The lines to copy run from the one containing "ԱՐԱԲԿԻՐ, ԿՈՄԻՏԱՍԻ ՊՈՂՈՏԱ, 4" to the last line of the entries; output those lines exactly and only them, without pictures.

***** Listed entries

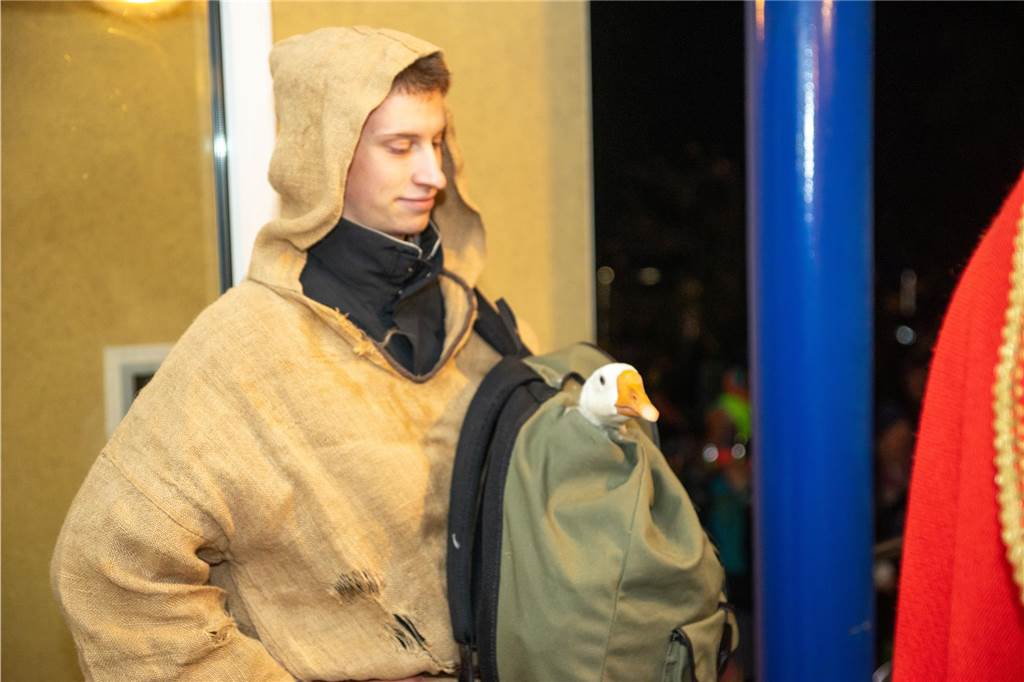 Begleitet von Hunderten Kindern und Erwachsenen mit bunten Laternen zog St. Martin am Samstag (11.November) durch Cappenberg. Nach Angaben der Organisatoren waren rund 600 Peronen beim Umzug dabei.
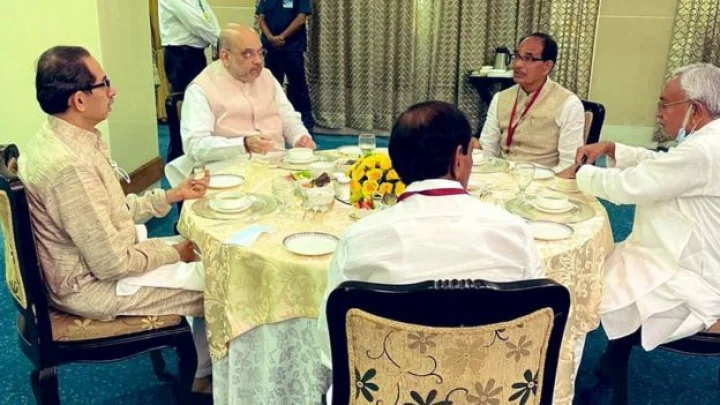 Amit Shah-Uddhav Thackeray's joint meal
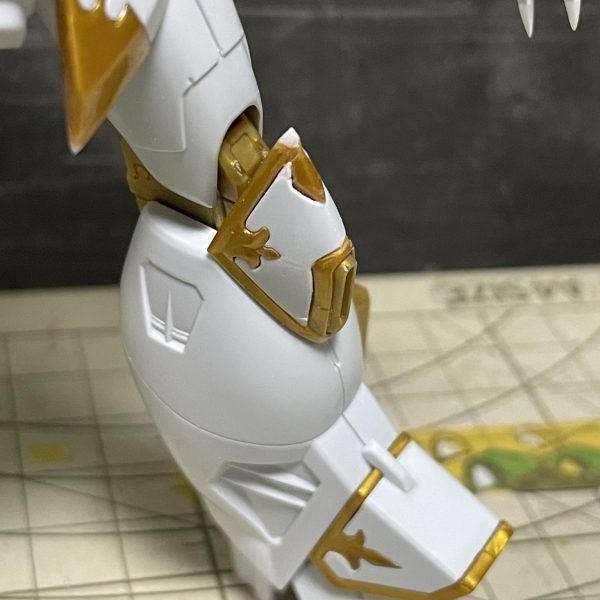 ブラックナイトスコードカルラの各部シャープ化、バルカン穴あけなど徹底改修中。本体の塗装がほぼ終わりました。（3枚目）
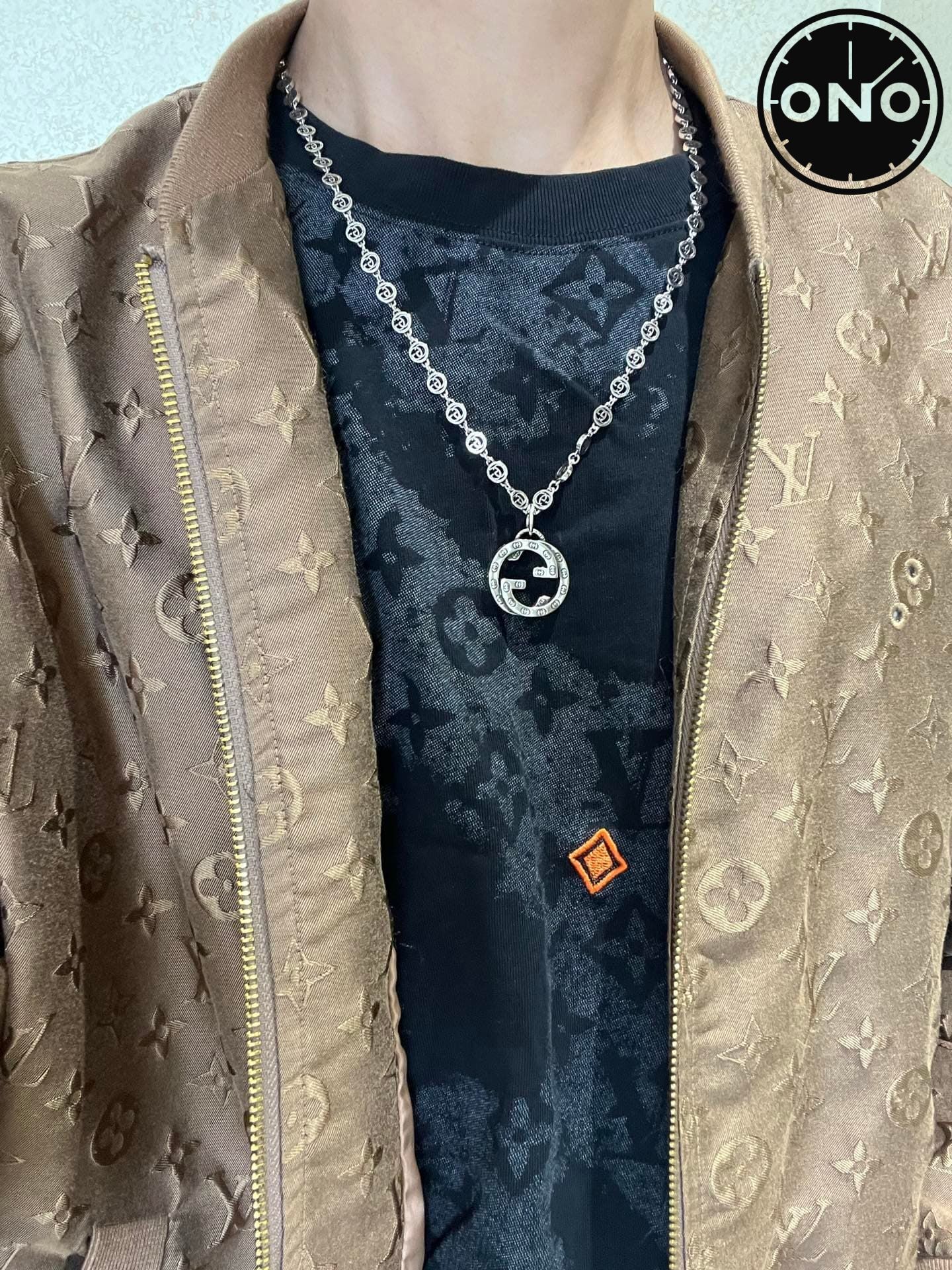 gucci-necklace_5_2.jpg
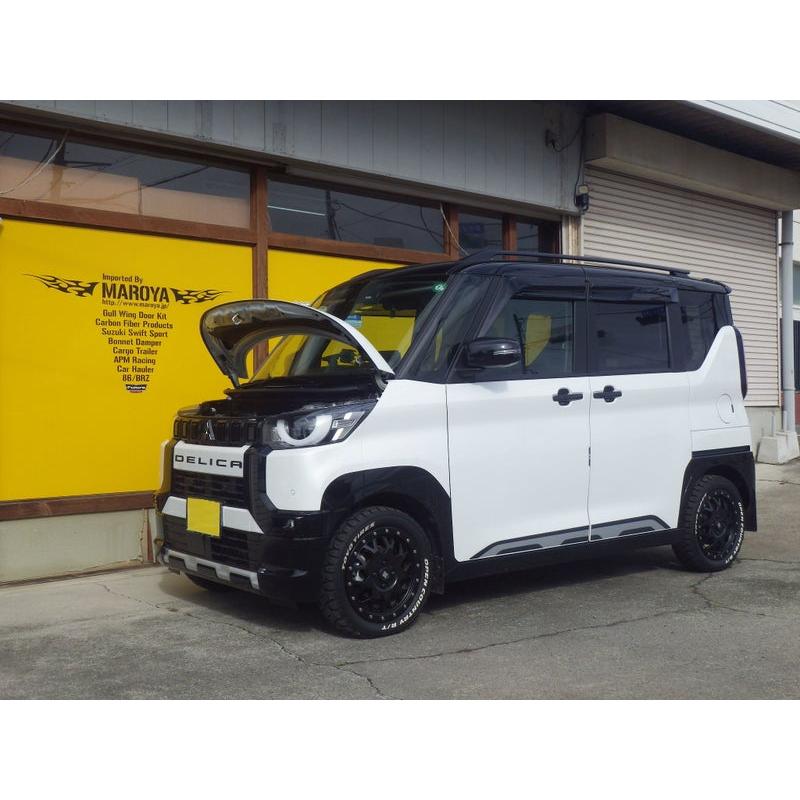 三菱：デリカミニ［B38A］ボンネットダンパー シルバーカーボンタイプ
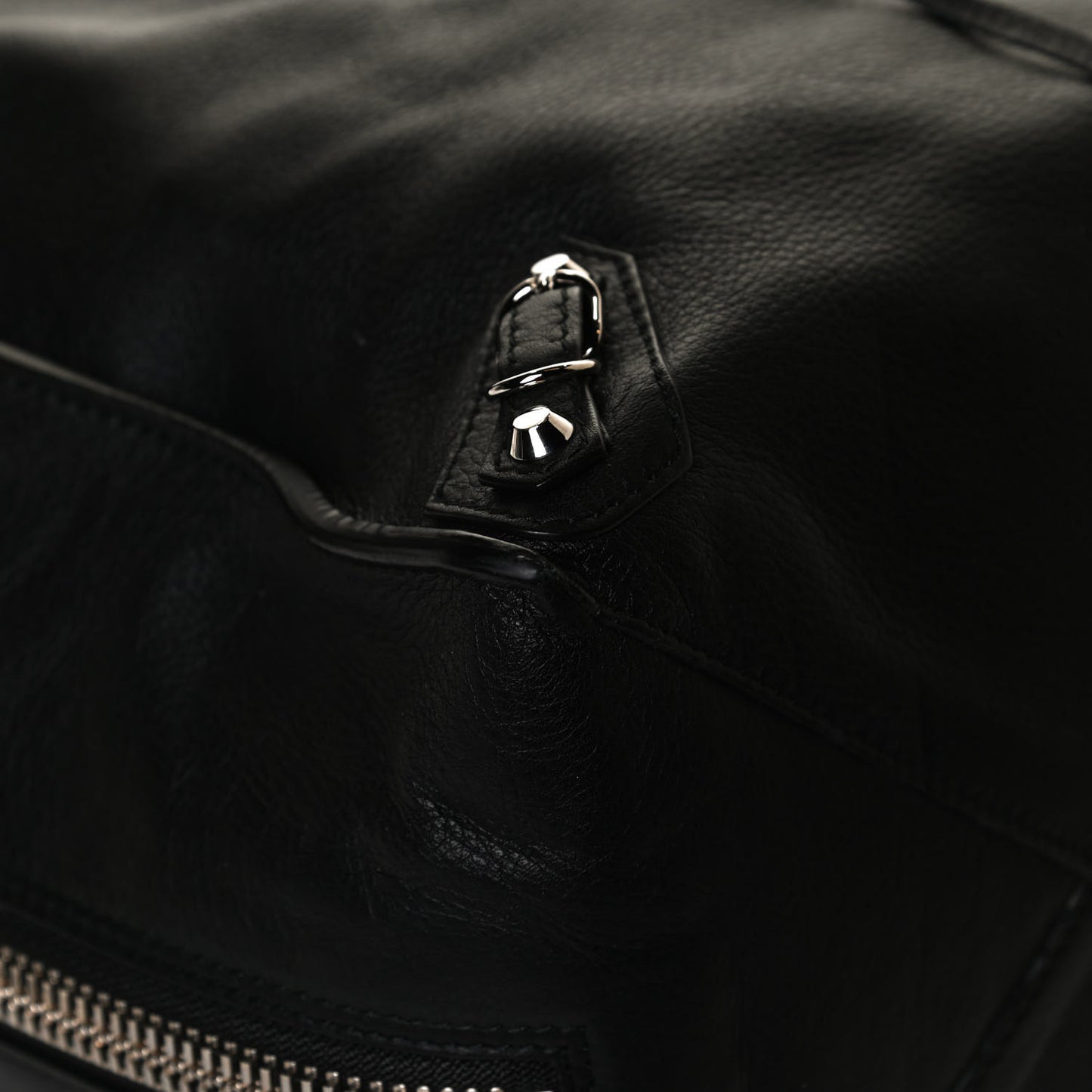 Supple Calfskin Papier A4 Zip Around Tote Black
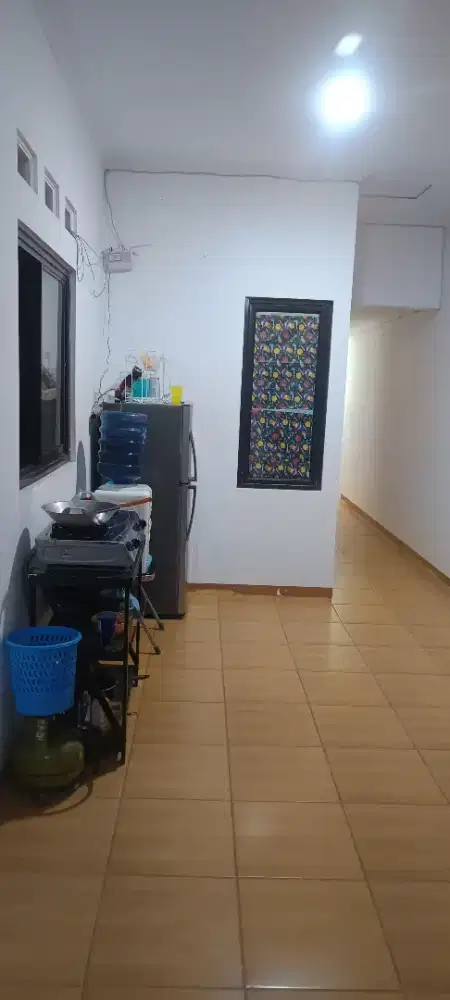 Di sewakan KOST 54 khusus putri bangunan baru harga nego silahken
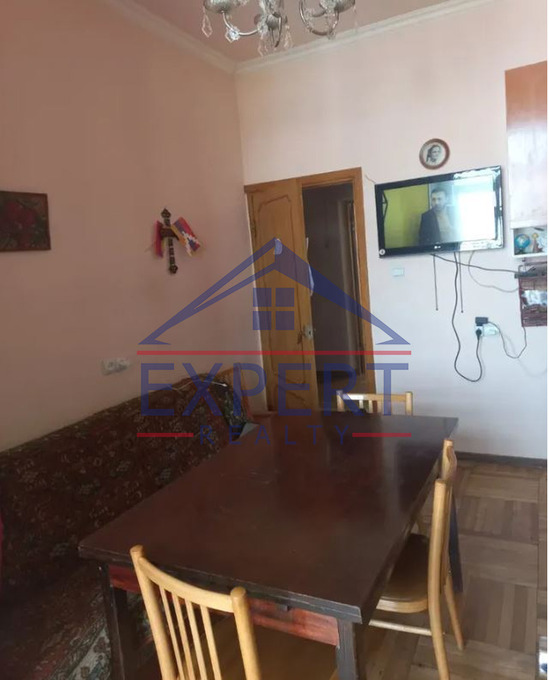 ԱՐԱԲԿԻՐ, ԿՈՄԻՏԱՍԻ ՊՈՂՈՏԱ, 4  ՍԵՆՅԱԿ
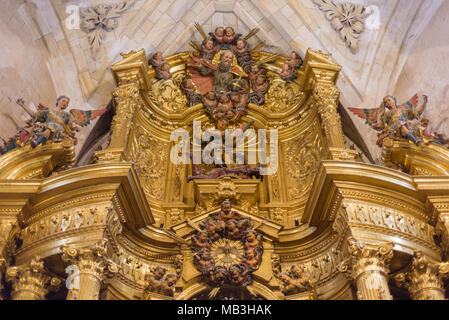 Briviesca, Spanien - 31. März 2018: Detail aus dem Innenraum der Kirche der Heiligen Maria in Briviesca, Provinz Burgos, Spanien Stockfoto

**********

● Result of this task
 ԱՐԱԲԿԻՐ, ԿՈՄԻՏԱՍԻ ՊՈՂՈՏԱ, 4  ՍԵՆՅԱԿ
 Briviesca, Spanien - 31. März 2018: Detail aus dem Innenraum der Kirche der Heiligen Maria in Briviesca, Provinz Burgos, Spanien Stockfoto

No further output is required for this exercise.